Return nothing but the lines from the one with "PBK491 Комплект, базовий" through the one with "Seamless repeating pattern." in the data below, word for word and without pictures.

> **Task input**
· · · · · · ·

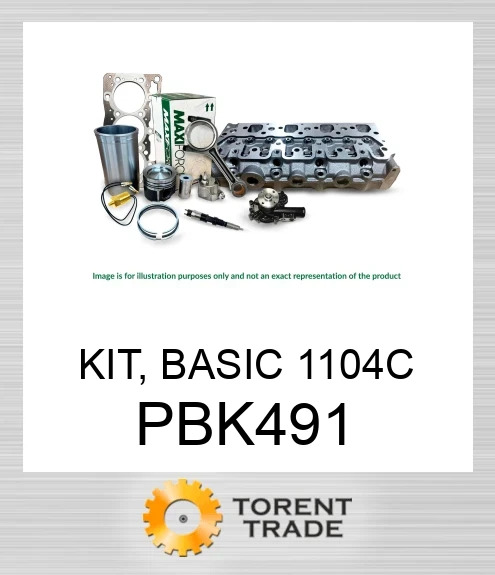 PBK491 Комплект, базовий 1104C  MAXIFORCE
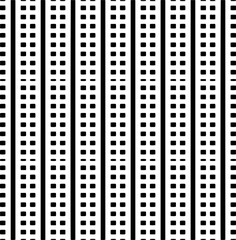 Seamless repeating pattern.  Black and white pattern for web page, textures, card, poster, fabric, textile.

· · · · · · ·

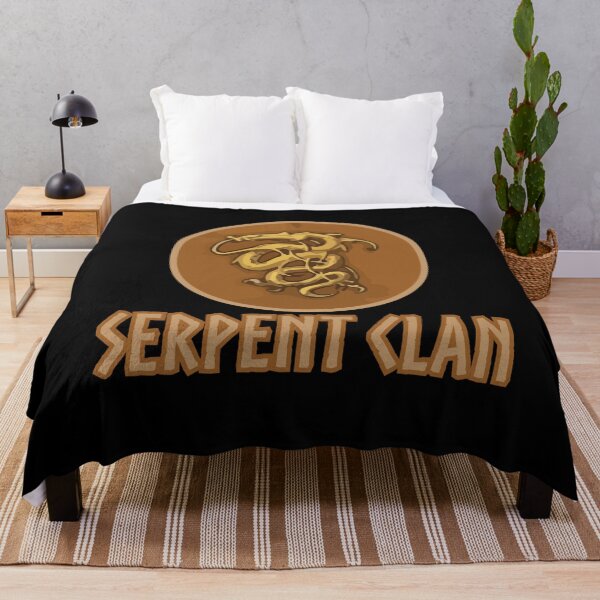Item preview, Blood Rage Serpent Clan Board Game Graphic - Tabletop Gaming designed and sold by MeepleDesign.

· · · · · · ·

> **Finished task**
 PBK491 Комплект, базовий 1104C  MAXIFORCE
 Seamless repeating pattern.  Black and white pattern for web page, textures, card, poster, fabric, textile.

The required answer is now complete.